Take Me Out To The Ball Game
When we were kids, very young ones, the most important things in life were (1) your family, (2) your friends, and (3) Baseball. My first memories of my father consisted of him sitting for hours next to a radio listening to Red Sox games. Whatever was happening on that radio was obviously of great concern, his moods swinging left to right in an instant, a smile quickly turning into a frown and vice-versa. I was allowed to sit there with him if I was quiet, so I did, gleaning important information with each visit. I learned, for instance, that there was no such team as the New York Yankees, there were only the Damnyankees, vile opponents of Truth, Justice and the American Way. I learned that most baseball managers were dumbheads who could easily have been replaced by orangutans from the Franklin Park Zoo without much loss of leadership. I learned the Red Sox batting order, the likely pitching rotation, where Boston stood in the standings (always second) and that Ted Williams could see the ball as it hit the bat, which even the great Joe DiMaggio could not do. I learned that Fenway Park was the greatest place in the universe, better than Heaven, but don’t tell Monsignor Daly anybody said that.
I started listening to baseball games by myself when my father was working or otherwise occupied. I ingested every morsel of information and my father delighted in regaling his friends with my vast trove of knowledge. “Tell us the American League standings, Billy—how many games behind everybody is,” or “Tell us the Detroit Tigers’ batting order.” Chump answers for me, give me a hard one.
When it came time to play the game, I was the first one out rounding up kids early in the morning. Sleepy parents would come to the windows and tell me Jackie or Mickie or Jimmy would be out as soon as breakfast was finished, shaking their heads in bewilderment over the early imposition. Everybody in the neighborhood played baseball, talented or not. The hallowed B&M Field was the gathering place, the social center, and we took it over like we owned the place, even painting large numerals on the B&M Railroad’s warehouse wall to indicate the distance from home plate. We started playing in the freezing cold when snow was still on the ground and we kept it up until the World Series was over in October. When the last out in the long season arrived, it was like a death in the family, a sudden void in our existence. What the hell would we do now? That’s when we ran across this new thing called Football.
Love Hurts. So Does Football.
The Lawrence Memorial Stadium, where both the local high schools played, was only a half hour from our neighborhood in South Lawrence so most of the kids were allowed to traipse over there to watch the games or even the practices, which were held after school on the rag-tag Lawrence High practice fields behind the stadium bleachers. The LHS coaches didn’t particularly care for anyone watching their activities so they ran us off a few times before coming to grips with the realization that we were like the weather—inevitable—and decided to leave us alone. After a few weeks, they began to learn our names and started asking us what plays they should run against Lowell, their vaunted Thanksgiving Day rival. “Against Lowell,” we told them, “you should run the Clubhouse Sweep—head for the locker rooms and keep on going.” If Lawrence ever beat Lowell in all the days of my youth, I don’t remember it, so powerful were the Greco-American squads from eleven miles down the road. It was the ultimate example of Greeks not bearing gifts.

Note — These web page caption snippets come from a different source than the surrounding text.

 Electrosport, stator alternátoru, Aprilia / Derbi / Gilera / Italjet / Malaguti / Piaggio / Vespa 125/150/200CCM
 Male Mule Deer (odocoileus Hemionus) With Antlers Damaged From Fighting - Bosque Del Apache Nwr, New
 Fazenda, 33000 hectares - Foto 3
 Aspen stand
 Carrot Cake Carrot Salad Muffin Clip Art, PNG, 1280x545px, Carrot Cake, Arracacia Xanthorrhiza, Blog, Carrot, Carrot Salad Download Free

When we played football in the neighborhood, it didn’t take long to realize how benign baseball was in comparison. Oh sure, you might get zapped by the occasional line drive or twist an ankle sliding into second, but you were never crashed into by a gorilla carrying twice your weight or kicked in the face by a runner you were trying to tackle. Of course, we had equipment intended to assuage these difficulties if only it would fit. I had a loose-fitting helmet which made a bobblehead look steady and shoulderpads your grandmother could punch a hole through. We might as well have been wearing Saran Wrap for all the good it did us. Nobody cared, though, except for the poor mothers who had to put their kids back together again. “Why do you want to play football?” they’d always ask. We’d laugh and tell them the girls wouldn’t let us into the Jumprope games.

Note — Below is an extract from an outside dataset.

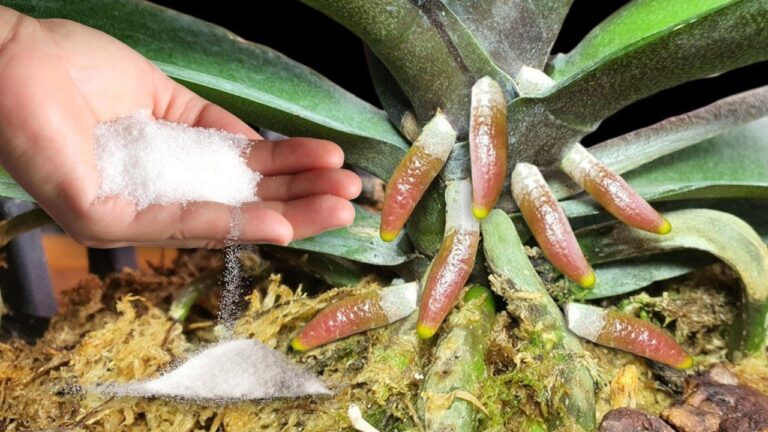 Scopri come 1 cucchiaino fa fiorire la tua orchidea con 1001 radici!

When it was time for high school, I eschewed Lawrence High for Central Catholic, which won as often as LHS lost. I tried out for the freshman team as a quarterback, figuring the best of the competition, Hank Koza, would soon be moved up to the varsity. I weighed about 135 pounds and didn’t have a great arm but I did have a good ability to read the defense and move the ball three, four, five yards at a time, first down after first down, throwing short passes only when necessary. When they moved Koza up, I got to start a practice game and we beat a bunch of traveling gypsies, 30-0. Coach Moynihan, the varsity head man, was questioned about the lack of passing yardage and replied, “If we keep the ball for sixteen plays a drive, the other team won’t get it much, right?”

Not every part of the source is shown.